虚構を限りなく現実に近づけていく「役者」という職だからこその
「つまらない現実より面白い虚構だ」
というファビエンヌの価値観が非常に面白い。
そしてそれと対立していく娘もまた虚構を編み出す脚本家、その夫も俳優だが切り分ける派。
そしてその周りの執事(って言い方でいいのか)、気鋭の女優、そして孫娘シャーロット。
いくつもの「虚構」と「現実」が複雑に絡み合って「真実」を創り出していく。
これはそういう「物語」。
そしてこの作品自体も現実のカトリーヌ・ドヌーヴと虚構の役「ファビエンヌ」とで行き来している構造で、メタも含有しているから尚味わい深い。
子役のシャーロットちゃんの可愛さかつ現実感は、流石子役演出の是枝作品と言ったところ。

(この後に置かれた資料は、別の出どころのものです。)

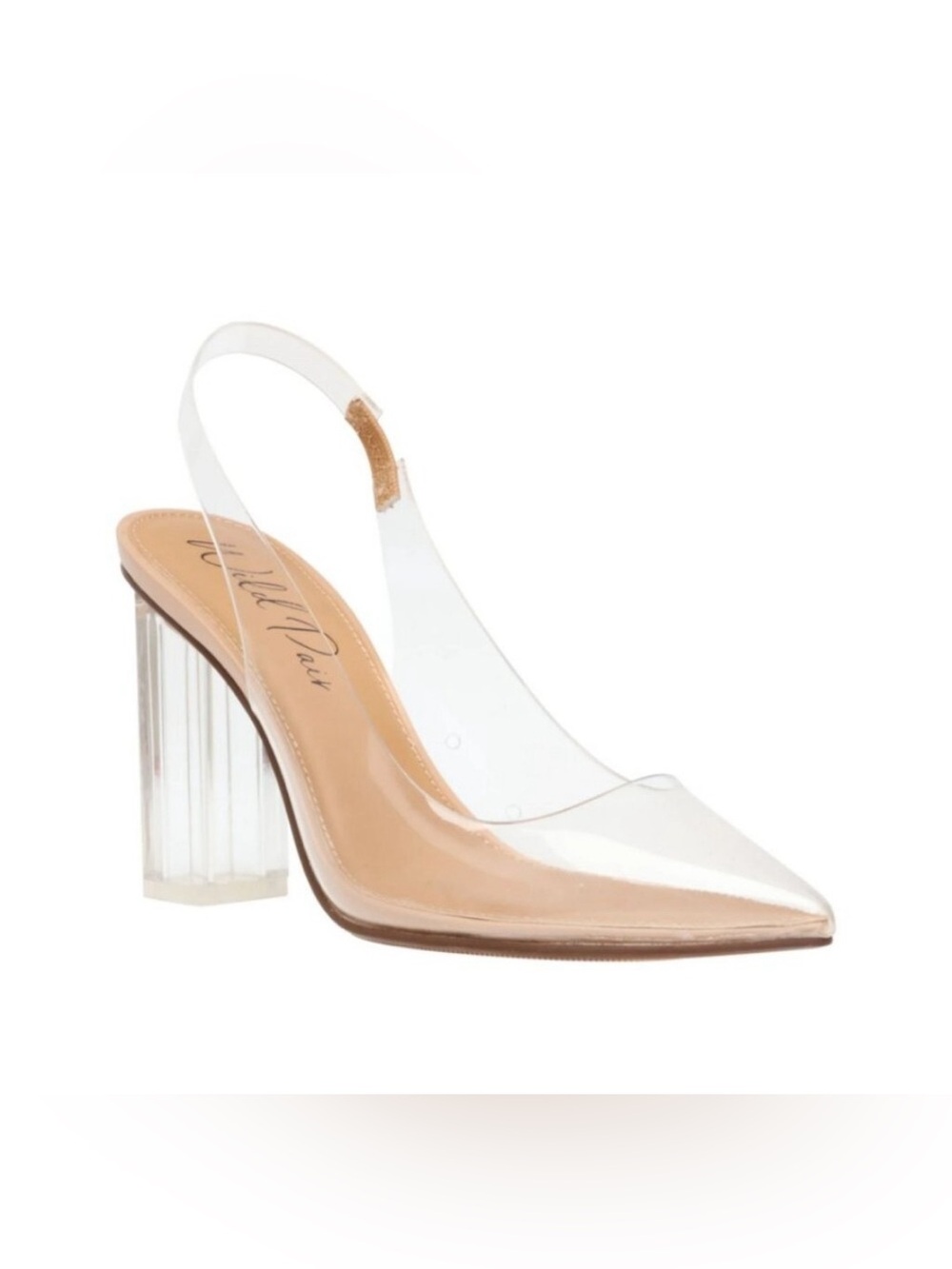 Wild Pair Clear Slingback Pointed Toe 3 1/2 inch Heels in Nude Sz 6 1/2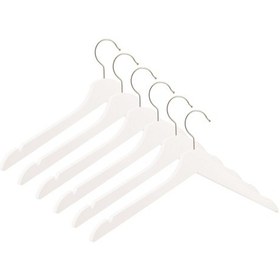 Resim Nyn Ahşap Askı M-002 Ç Elbise Gömlek Askısı Beyaz Renk 6 Adet Beyaz 
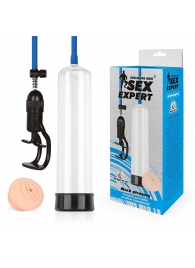 Прозрачная вакуумная помпа Sex Expert с насадкой-вагиной - Sex Expert - в Красногорске купить с доставкой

同じ子役でもスタジオにいた子役役の子(まぎらわしい)は少しばかしの「虚構」のエッセンスが感じられた辺り、そこの細かい違いを出すの上手い。
「真実」は虚構と現実の片方でない、双方から選ぶもの。
「なぜ虚構をつまらない現実に近づけたがるのか?」
という「列車旅行のすすめ」の一節も思い出した。
この作品も、その問いをメタ的に迫ってきている感があって興味深い。
通常版との違いはどの辺なんだろ。